Work task: Once you reach the line containing "this 845×633 image.", reproduce it and every later line exactly, through the end of the data.

Collected data:
BEGIN

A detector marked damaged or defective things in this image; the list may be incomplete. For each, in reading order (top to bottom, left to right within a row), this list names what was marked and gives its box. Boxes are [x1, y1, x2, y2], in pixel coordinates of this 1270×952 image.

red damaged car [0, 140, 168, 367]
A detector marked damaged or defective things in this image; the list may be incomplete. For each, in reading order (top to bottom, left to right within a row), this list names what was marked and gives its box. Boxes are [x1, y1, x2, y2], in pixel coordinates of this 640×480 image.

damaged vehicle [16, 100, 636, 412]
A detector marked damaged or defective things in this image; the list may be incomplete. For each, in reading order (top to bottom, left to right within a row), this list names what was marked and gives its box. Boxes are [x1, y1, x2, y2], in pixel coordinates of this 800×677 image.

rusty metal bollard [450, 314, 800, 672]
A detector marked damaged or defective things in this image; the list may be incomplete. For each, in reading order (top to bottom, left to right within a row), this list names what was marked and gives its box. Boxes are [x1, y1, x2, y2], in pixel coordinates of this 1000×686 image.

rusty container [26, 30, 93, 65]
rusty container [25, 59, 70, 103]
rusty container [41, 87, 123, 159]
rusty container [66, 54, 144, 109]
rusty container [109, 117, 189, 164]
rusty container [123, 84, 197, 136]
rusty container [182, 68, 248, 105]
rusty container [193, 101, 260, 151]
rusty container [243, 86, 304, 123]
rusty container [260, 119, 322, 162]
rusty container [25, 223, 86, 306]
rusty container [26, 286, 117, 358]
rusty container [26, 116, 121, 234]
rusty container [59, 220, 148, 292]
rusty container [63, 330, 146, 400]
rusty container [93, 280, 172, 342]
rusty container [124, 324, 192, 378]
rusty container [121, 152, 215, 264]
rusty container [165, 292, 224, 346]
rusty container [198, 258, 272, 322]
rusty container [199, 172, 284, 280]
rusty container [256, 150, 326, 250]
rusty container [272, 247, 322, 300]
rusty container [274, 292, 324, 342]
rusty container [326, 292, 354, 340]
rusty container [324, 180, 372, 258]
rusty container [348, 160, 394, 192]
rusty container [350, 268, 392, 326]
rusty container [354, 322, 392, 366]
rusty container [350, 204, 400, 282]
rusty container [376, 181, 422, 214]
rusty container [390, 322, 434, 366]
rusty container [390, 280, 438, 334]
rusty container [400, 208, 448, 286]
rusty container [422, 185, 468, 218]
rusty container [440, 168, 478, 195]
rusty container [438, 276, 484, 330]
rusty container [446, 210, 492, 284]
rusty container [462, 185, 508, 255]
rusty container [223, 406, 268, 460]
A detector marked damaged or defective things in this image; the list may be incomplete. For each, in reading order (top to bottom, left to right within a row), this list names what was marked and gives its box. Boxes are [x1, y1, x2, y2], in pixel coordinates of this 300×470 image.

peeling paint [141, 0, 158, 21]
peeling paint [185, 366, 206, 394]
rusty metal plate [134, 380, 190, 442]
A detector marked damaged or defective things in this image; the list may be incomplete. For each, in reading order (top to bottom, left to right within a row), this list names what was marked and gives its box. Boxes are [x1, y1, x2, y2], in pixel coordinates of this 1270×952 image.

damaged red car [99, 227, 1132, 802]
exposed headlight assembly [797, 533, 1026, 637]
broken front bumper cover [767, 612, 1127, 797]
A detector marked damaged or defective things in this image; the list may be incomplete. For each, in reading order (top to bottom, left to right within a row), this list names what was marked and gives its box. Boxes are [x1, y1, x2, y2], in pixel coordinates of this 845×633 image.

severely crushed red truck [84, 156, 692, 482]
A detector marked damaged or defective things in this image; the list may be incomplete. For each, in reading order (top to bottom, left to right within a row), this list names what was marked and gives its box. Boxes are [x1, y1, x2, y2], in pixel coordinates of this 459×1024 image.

END

Completed task:
A detector marked damaged or defective things in this image; the list may be incomplete. For each, in reading order (top to bottom, left to right within a row), this list names what was marked and gives its box. Boxes are [x1, y1, x2, y2], in pixel coordinates of this 845×633 image.

severely crushed red truck [84, 156, 692, 482]
A detector marked damaged or defective things in this image; the list may be incomplete. For each, in reading order (top to bottom, left to right within a row), this list names what was marked and gives its box. Boxes are [x1, y1, x2, y2], in pixel coordinates of this 459×1024 image.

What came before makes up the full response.